Function invoked when calling the pipeline for generation.
Args:
prompt (`str` or `List[str]`):
The prompt or prompts to guide the image generation.
num_inference_steps (`int`, *optional*, defaults to 100):
The number of denoising steps. More denoising steps usually lead to a higher quality image at the
expense of slower inference.
guidance_scale (`float`, *optional*, defaults to 7.5):
Guidance scale as defined in [Classifier-Free Diffusion Guidance](https://arxiv.org/abs/2207.12598).
`guidance_scale` is defined as `w` of equation 2. of [Imagen
Paper](https://arxiv.org/pdf/2205.11487.pdf). Guidance scale is enabled by setting `guidance_scale >
1`. Higher guidance scale encourages to generate images that are closely linked to the text `prompt`,
usually at the expense of lower image quality.

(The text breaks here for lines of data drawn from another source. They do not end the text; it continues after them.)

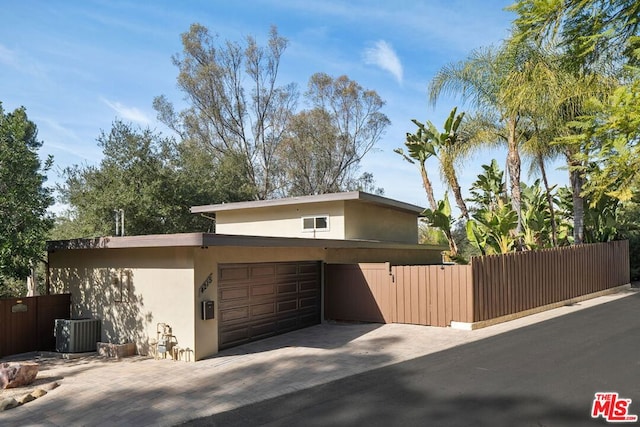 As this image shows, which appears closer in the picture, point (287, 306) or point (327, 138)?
point (287, 306)

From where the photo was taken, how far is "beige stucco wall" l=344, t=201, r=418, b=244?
655 inches

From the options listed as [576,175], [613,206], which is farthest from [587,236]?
[576,175]

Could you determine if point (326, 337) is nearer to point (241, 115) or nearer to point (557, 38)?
point (557, 38)

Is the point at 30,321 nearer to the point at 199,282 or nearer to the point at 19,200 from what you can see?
the point at 19,200

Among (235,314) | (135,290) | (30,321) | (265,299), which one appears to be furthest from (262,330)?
(30,321)

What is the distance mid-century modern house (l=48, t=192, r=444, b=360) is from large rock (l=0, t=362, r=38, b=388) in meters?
2.54

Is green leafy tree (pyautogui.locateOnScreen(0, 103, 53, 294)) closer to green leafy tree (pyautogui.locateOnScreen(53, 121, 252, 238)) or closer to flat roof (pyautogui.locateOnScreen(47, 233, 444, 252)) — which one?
flat roof (pyautogui.locateOnScreen(47, 233, 444, 252))

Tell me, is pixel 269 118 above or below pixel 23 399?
above

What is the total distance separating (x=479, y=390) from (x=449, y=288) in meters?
5.83

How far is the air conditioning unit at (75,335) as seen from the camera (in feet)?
36.9

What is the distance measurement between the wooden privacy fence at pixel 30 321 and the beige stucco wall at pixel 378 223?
8819mm

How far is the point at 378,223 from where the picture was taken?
60.1ft

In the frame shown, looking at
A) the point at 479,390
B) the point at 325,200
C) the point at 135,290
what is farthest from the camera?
the point at 325,200

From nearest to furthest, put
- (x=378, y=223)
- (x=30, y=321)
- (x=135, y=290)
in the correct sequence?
(x=135, y=290)
(x=30, y=321)
(x=378, y=223) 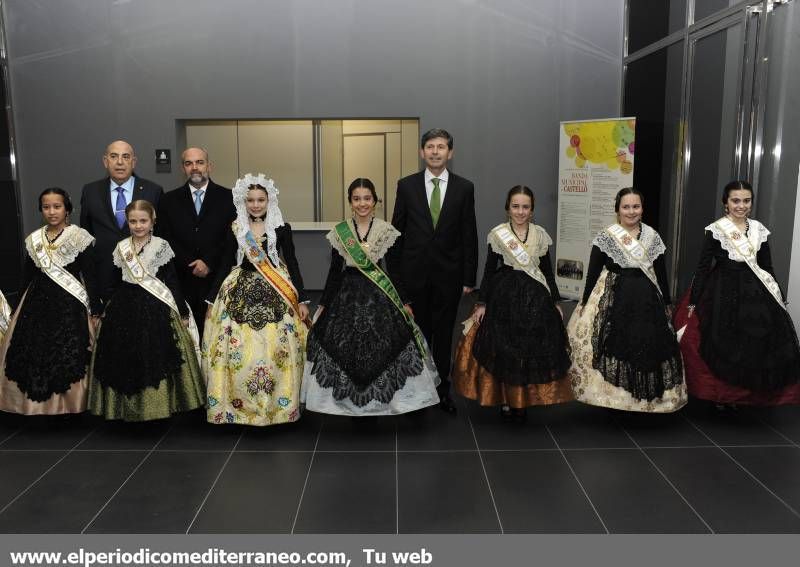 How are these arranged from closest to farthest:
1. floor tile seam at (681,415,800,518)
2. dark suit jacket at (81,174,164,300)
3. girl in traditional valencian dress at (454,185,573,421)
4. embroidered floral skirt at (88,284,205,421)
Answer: floor tile seam at (681,415,800,518)
embroidered floral skirt at (88,284,205,421)
girl in traditional valencian dress at (454,185,573,421)
dark suit jacket at (81,174,164,300)

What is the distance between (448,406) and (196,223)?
1.65 metres

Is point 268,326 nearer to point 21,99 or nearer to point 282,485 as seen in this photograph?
point 282,485

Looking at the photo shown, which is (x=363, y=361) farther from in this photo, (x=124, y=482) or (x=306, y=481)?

truncation_rate (`float`, *optional*, defaults to 1.0 (equivalent to no truncation)):
Used to "truncate" the predicted classes for x_0 such that the cumulative probability for a pixel is at
most `truncation_rate`. The lowest probabilities that would increase the cumulative probability above
`truncation_rate` are set to zero.
num_images_per_prompt (`int`, *optional*, defaults to 1):
The number of images to generate per prompt.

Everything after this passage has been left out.